- Economy grew 3.1 percent; median in survey was 3.7 percent
- Slowest rate in over a year driven by weaker consumption
Turkey’s economic growth slowed in the second quarter, as spending by households and private companies weakened even before the disruption caused by July’s failed coup.
Gross domestic product expanded 3.1 percent in the April-to-June period, compared with 4.7 percent in the previous quarter and a median estimate of 3.7 percent in a Bloomberg survey. Seasonally adjusted output rose 0.3 percent from the previous quarter, Turkstat said Friday. It’s the first time that growth has lagged estimates since the third quarter of 2014.
Signs of strain in household consumption, while still relatively robust, are likely to give more leeway for the central bank to continue easing because it makes up about two-thirds of the economy. A key gauge of investments by private companies also slumped on an annual basis, while a drop in industrial production that began in the second quarter signals a “significant slowdown” in the current period, Finansbank AS Chief Economist Gokce Celik said.
“Despite the persistence of inflation, we think downside risks to the growth outlook will encourage the central bank to lower the marginal funding rate further -- unless global sentiment changes dramatically,” Celik said in an e-mailed note. The bank may loosen credit conditions beyond rate cuts, she said.
The bank lowered its overnight lending rate -- also known as marginal funding -- by 225 basis points over six months, to 8.5 percent in August. Following the failed attempt by a section of the military to overthrow the government in July, the bank eased reserve requirement rules three times to boost lira and foreign-exchange liquidity and bring residents’ gold into the economy.
While consumption remained strong at the time of the cuts and still made the biggest contribution to the annual growth figure, spending growth has weakened compared to the first quarter. Household consumption rose 5.2 percent on annual basis in the latest data, but contracted by half a percentage point from the previous three-month period.
Spending in the first quarter was boosted by an increase to the official minimum wage, resulting in the quarter-on-quarter decline, Celik said.

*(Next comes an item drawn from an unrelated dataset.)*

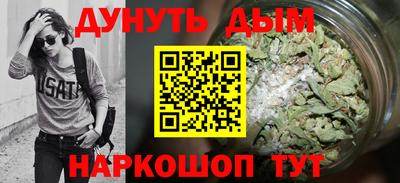 а пвп мука Кумертау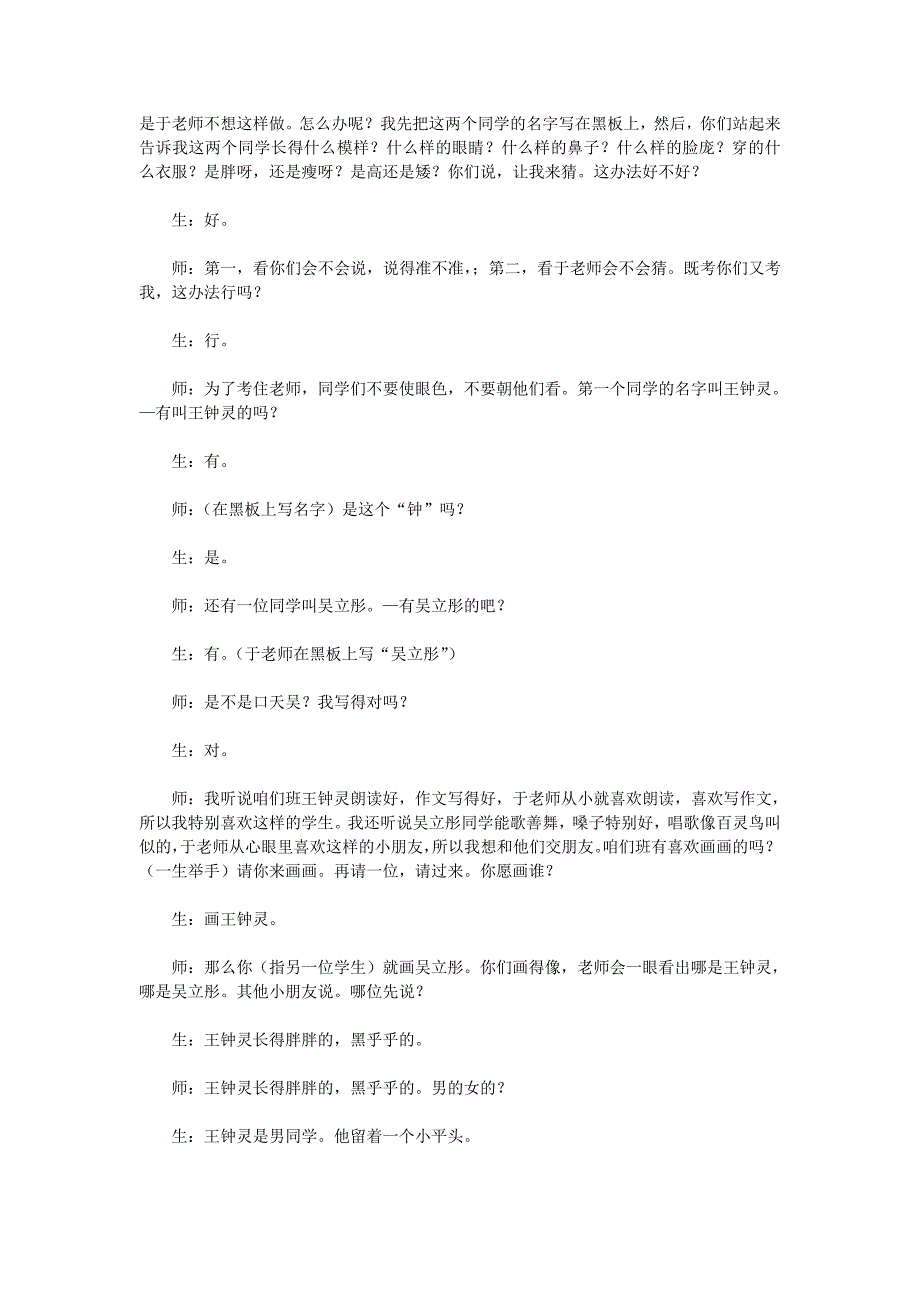 于永正作文教学实录.doc_第3页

Private investments contracted 1.6 percent from a year earlier, Friday’s data showed, while companies’ spending on machinery and equipment slumped 5.3 percent -- the biggest drop in two years.
The drop in investments in machinery was offset by a surge in companies’ spending on construction, Deputy Prime Minister Mehmet Simsek said in an e-mailed statement after the data release. With the economy facing global headwinds, Turkey must increase domestic savings and investments to keep high-pace growth, Simsek said.
Government spending, which makes up about 12 percent of GDP, rose 15.9 percent from a year earlier, the biggest annual jump since 2009. The size of Turkey’s annualized economy in current prices rose to $708.5 billion in the 12 months through June, from $707.8 billion the previous quarter.
The lira was trading 0.3 percent weaker at 2.9593 per dollar at 12:24 p.m. in Istanbul, bringing the year-to-date loss to around 1.4 percent, the worst performance among 10 emerging market currencies tracked by Bloomberg in Europe, the Middle East and Africa.
The yield on Turkey’s ten year lira bonds rose 11 basis points to 9.68 percent, poised for the biggest jump this month.
Though weaker economic activity may encourage more easing by the central bank, interest rate decisions are increasingly influenced by the lira’s performance, Capital Economics senior emerging markets economist William Jackson said after the data.
“So long as the lira remains pretty steady, we may see further rate cuts,” Jackson said by e-mail. “For now, we expect the overnight lending rate to be cut to 8 percent by the year-end, but there’s certainly a risk that it goes further.”